Another report said orders for long-lasting manufactured goods slumped by more last month than economists expected. That could be a signal that conditions are worsening for the struggling manufacturing industry, but orders actually rose for the month after ignoring airplanes and other transportation equipment.

For now, weaker-than-expected reports on the economy may counterintuitively be more welcome in financial markets. The economy has managed to avoid a long-predicted recession, but the fear is that it’s so solid that it will keep upward pressure on inflation.

The Federal Reserve has already raised its main interest rate to the highest level since 2001 in hopes of grinding down high inflation. High rates work to do that by slowing the entire economy and hurting prices for investments.

Hope had built that the Fed’s latest rate hike in July may prove to be the last of this cycle, as inflation has cooled considerably since peaking above 9% last summer. Traders also have made bets for the Fed to begin cutting rates early next year.

But a series of stronger-than-expected reports on the economy have diminished those hopes. That’s why a speech coming on Friday by Fed Chair Jerome Powell is so highly anticipated. He’ll be speaking at an event in Jackson Hole, Wyoming, that has ben the site of major policy announcements in the past by the Fed.

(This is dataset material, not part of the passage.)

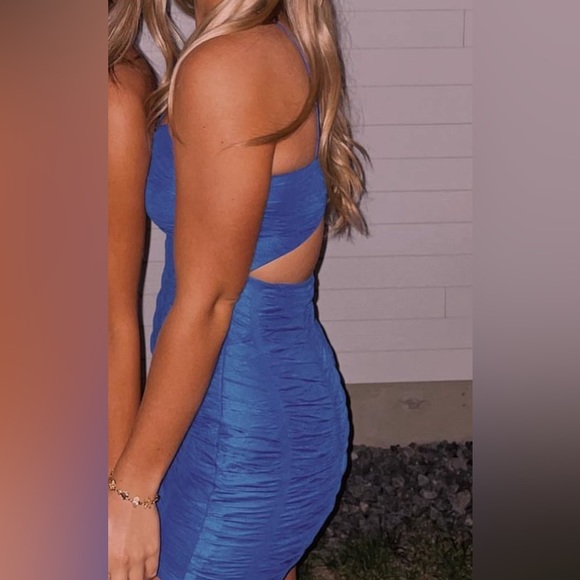 WINDSOR | Blue Ruched Open Back Mini Dress - Picture 6 of 8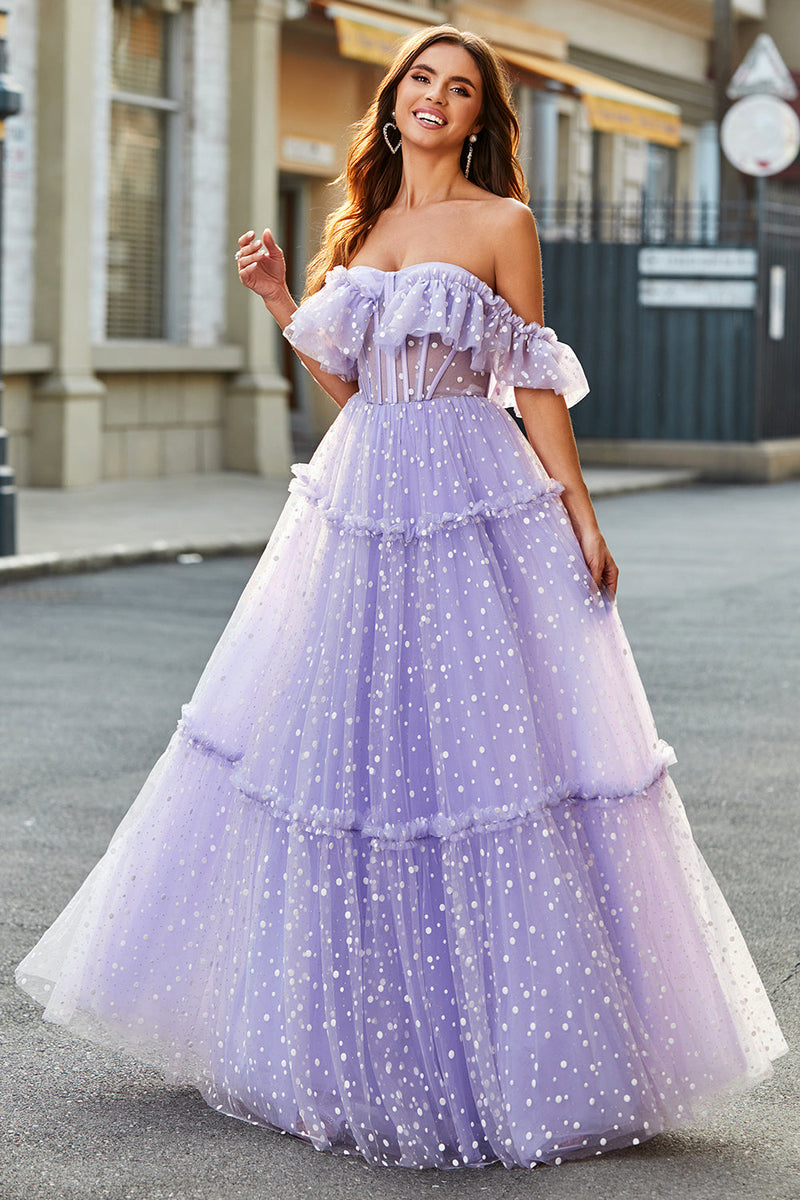 Load image into Gallery viewer, Off The Shoulder Lilac Corset A-Line Long Prom Dress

The two-year Treasury yield, which moves closely with expectations for the Fed, was holding steady at 4.98%. A day before, it had dropped to that level from 5.05% after a report suggested U.S. business activity is cooling in August.

On Wall Street, Boeing fell 2.3% after supplier Spirit AeroSystems said it discovered a quality issue on certain models of the 737 fuselage. Spirit said it would continue to deliver the units to Boeing, which said there is no immediate safety concern associated with the issue.

In stock markets abroad, indexes were mixed in Europe after mostly rising in Asia.